-- What you are asked to do --
Find the line below that contains "Люкс Executive Кровать". Transcribe it and every line after it exactly, adding nothing.
- Opening Delimiter -
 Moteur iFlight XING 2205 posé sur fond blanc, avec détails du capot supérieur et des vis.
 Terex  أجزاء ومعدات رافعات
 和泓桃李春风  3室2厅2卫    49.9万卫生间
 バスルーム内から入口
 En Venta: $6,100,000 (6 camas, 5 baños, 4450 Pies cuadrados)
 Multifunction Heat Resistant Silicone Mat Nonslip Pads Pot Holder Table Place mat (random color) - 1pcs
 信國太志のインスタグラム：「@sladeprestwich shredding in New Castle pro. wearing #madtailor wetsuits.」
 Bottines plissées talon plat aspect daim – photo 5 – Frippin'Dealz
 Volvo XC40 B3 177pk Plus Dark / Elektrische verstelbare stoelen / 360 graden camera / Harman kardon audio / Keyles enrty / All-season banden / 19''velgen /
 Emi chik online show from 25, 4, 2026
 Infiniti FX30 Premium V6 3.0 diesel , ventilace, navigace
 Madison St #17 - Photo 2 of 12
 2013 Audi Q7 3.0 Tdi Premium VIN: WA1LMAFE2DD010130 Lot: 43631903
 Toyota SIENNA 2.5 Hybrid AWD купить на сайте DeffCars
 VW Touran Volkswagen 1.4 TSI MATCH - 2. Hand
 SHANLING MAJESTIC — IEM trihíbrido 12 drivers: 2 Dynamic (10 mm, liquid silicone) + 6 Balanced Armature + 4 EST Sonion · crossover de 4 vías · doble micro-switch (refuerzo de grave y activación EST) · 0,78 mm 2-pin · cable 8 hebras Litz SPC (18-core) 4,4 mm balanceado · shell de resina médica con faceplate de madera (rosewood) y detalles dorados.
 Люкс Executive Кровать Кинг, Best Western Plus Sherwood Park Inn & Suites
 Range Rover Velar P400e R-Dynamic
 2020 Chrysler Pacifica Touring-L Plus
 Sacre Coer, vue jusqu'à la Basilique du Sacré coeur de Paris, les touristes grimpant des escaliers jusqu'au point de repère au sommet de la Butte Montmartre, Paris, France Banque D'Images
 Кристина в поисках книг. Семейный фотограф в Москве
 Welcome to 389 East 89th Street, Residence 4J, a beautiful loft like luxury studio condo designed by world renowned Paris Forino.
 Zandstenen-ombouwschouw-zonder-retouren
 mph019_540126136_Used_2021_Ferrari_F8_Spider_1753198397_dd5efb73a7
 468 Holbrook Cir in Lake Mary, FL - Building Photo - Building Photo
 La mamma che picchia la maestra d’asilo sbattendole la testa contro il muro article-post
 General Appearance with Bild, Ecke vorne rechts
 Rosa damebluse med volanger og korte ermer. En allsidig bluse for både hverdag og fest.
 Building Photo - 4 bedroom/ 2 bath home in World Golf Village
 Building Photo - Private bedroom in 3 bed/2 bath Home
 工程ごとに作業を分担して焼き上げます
- Closing Delimiter -
-- Answer box --
 Люкс Executive Кровать Кинг, Best Western Plus Sherwood Park Inn & Suites
 Range Rover Velar P400e R-Dynamic
 2020 Chrysler Pacifica Touring-L Plus
 Sacre Coer, vue jusqu'à la Basilique du Sacré coeur de Paris, les touristes grimpant des escaliers jusqu'au point de repère au sommet de la Butte Montmartre, Paris, France Banque D'Images
 Кристина в поисках книг. Семейный фотограф в Москве
 Welcome to 389 East 89th Street, Residence 4J, a beautiful loft like luxury studio condo designed by world renowned Paris Forino.
 Zandstenen-ombouwschouw-zonder-retouren
 mph019_540126136_Used_2021_Ferrari_F8_Spider_1753198397_dd5efb73a7
 468 Holbrook Cir in Lake Mary, FL - Building Photo - Building Photo
 La mamma che picchia la maestra d’asilo sbattendole la testa contro il muro article-post
 General Appearance with Bild, Ecke vorne rechts
 Rosa damebluse med volanger og korte ermer. En allsidig bluse for både hverdag og fest.
 Building Photo - 4 bedroom/ 2 bath home in World Golf Village
 Building Photo - Private bedroom in 3 bed/2 bath Home
 工程ごとに作業を分担して焼き上げます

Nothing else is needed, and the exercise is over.